3 machines involved,  3rd is where commands are being issued from (tor-hm1)
 it is local to tor-xfer.

tor-hm1 - local network - behind NAT
tor-xfer - local network - behind NAT
chn-xfer remote network - public IP

This command works as expected,  moving data from tor-xfer to chn-xfer,

[hpcdata1@tor-hm1 ~]$ globus-url-copy -vb -cd -p 2 sshftp://
hpcda...@tor-xfer.removed.com/var/tmp/outtest.gz sshftp://hpcdata1@chn-xfer.
removed.com/var/tmp/outtest.gz

Attempting to move data in the other direction from chn to tor,  this
command will fail:

[hpcdata1@chn-xfer ~] globus-url-copy -vb -cd -p 2 sshftp://
hpcda...@chn-xfer.removed.com/var/tmp/chn-300k.fl sshftp://
hpcda...@tor-xfer.removed.com/var/tmp/chn-300k.fl

tor-hm1,  and tor-xfer are RFC1918 numbered and behind a NAT firewall with
1 to 1 mapping to an outside address on the firewall.       Any traffic
hitting this outside IP will be forwarded to tor-xfer.  THis has been
tested and confirmed to work,  there are no readability issues from the
remote network for any ports.

chn-xfer has an interface on a rotatable public IP,  no NAT.

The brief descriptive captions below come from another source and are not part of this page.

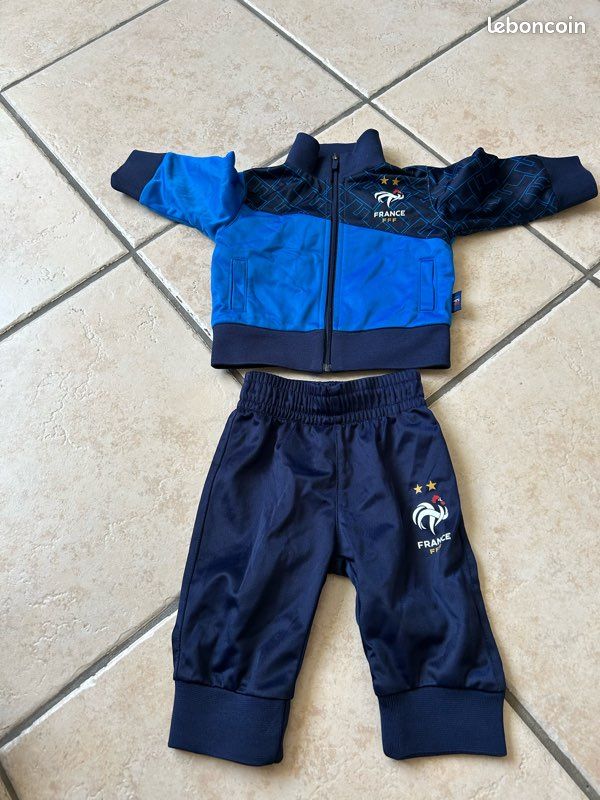Survêtement bébé garçon équipe de France étoiles taille six mois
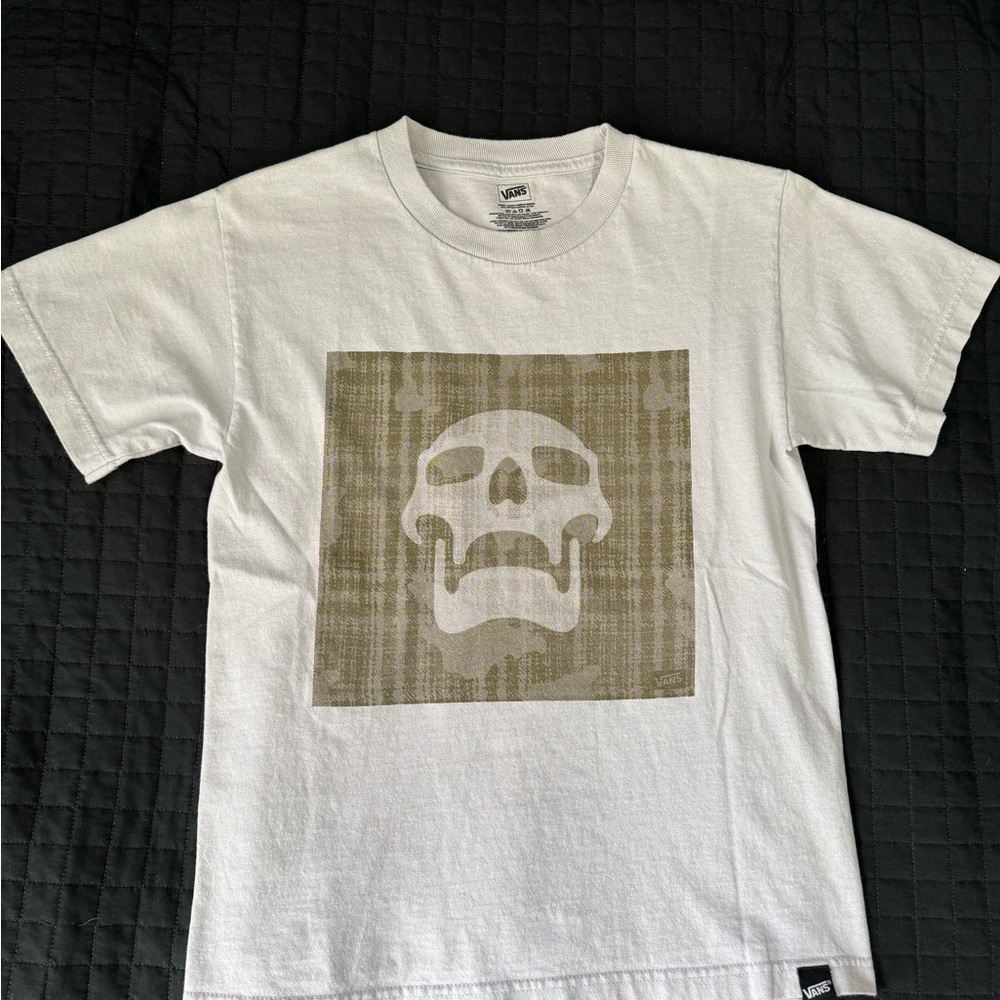 Vans Tee with Skull Design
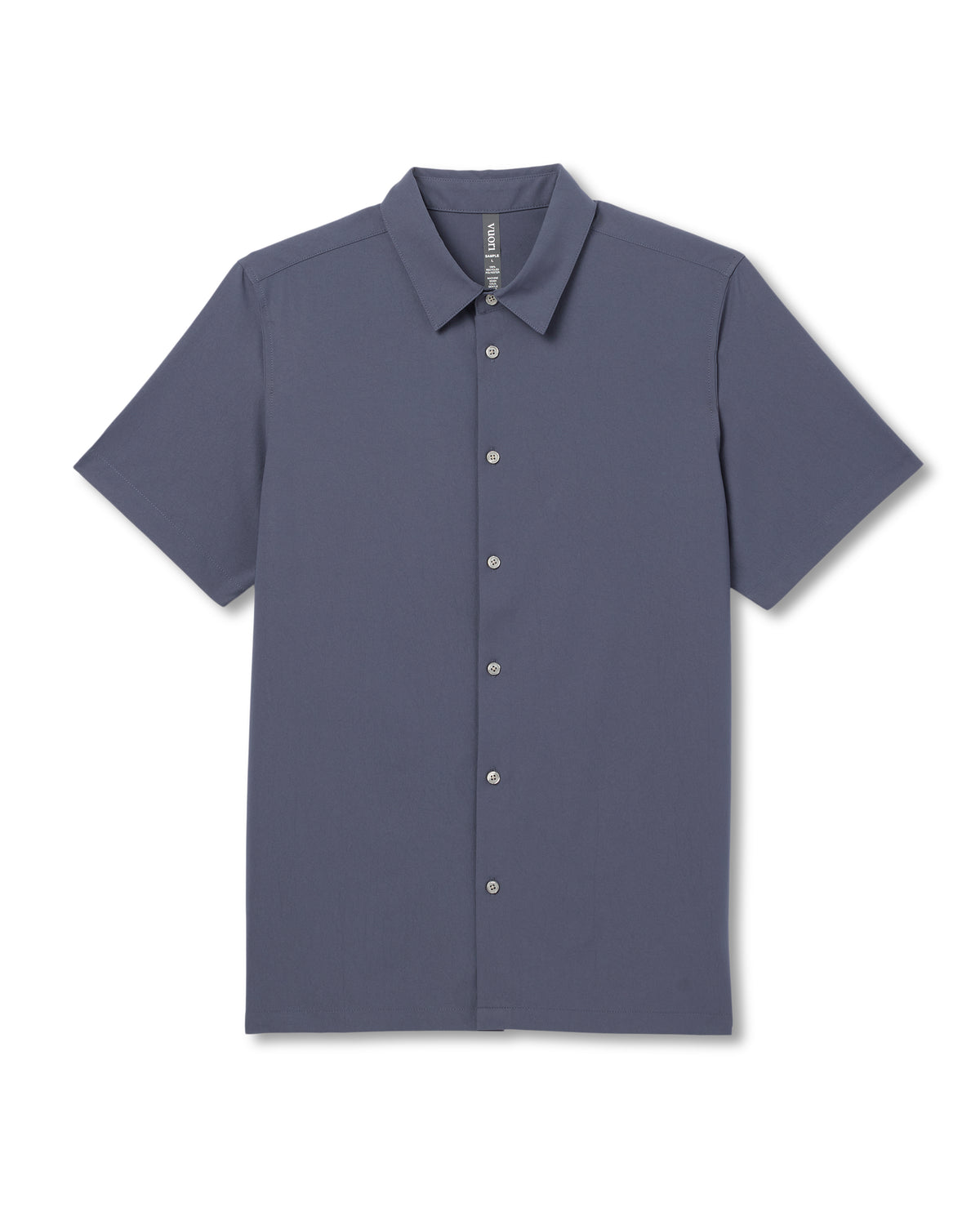Short Sleeve Manhattan Button Down Men's Azure Shirt - Image 6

tor-hm1 and tor-xfer use internal DNS.    The answers returned are not the
same as what the internet name servers will return when asking for host
lookups. think split dns.

What appears to be happening is when tor-hm1 contacts chn-xfer,   it asks
it to  "connect to this IP and send this file",  the problem is it is
telling chn-xfer to connect back to the RFC1918 IP address,  not the public
one.  which of course it can't reach.  This was verified via packet trace,
 chn-xfer attempts to connect to tor-xfer's internal IP.



*My question:,  Is there a method to force the hostname to be passed over
to the remote server instead of the IP, so the remote end does the lookup?*
  If chn-xfer did its own lookup on the name,  it would get the 'proper' IP
to use and things would likely be good again.



 While I could be wrong,  it would seem to be a better idea to have the
local NS used instead of the requester doing this for them,  what is the
thinking here?  Just curious really.